Sport and Youth Development

NASCA’s methodology uses sport and mentoring to engage young people to strengthen culture, build self-esteem and enable a strong sense of autonomy through personal development.

Across our programs sport operates as a ‘hook’ to engage young people across our programs, to encourage health and wellbeing, and to meet outcomes through transferable skill development. Numerous studies and publications have highlighted the strong link between good sport-focussed programs and positive outcomes in Aboriginal and Torres Strait Islander communities.

Sports programs can encourage behavioural change in young people and skills learnt in sports are transferable to other areas of life.


Sport may also remove young people from negative influences like anti-social peer groups, drugs and alcohol, low-self esteem and boredom.
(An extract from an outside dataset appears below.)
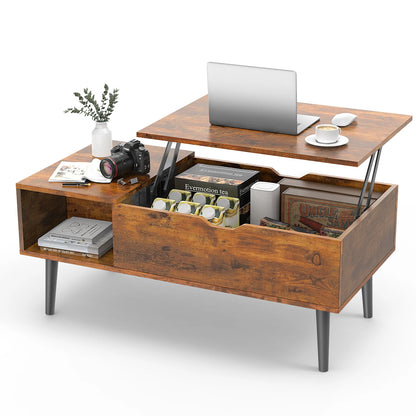Modern Coffee Table With Storage And Lift Top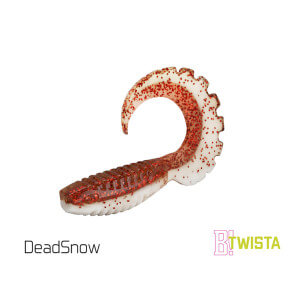 Umělá nástraha DELPHIN Twista UVs, 8 cm, 5 ks DeadSnow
Transferable skills learnt through sport include:
  • Commitment and understanding the consequences of not meeting commitments,
  • Communication skills,
  • Problem solving,
  • Team work,
  • Dealing with stress, and;
  • Goal setting and future planning


Participation in sport has additional benefits for youth development including:
  • Overall improvements in health and mental health,
  • Self-confidence,
  • Increased sense of social inclusion and community participation,
  • Self-Discipline, and;
  • Structured leisure time.

Participation in sport is also enjoyable, providing an alternative to the conventional education system and is therefore able to directly encourage engagement with school and education.  In addition to this, to effectively participate in sport the participants require a healthy diet and a generally healthy lifestyle.

Additionally, our program model builds in opportunities for skills development and career transition through work readiness qualifications such as coaching accreditations, refereeing accreditations and first aid.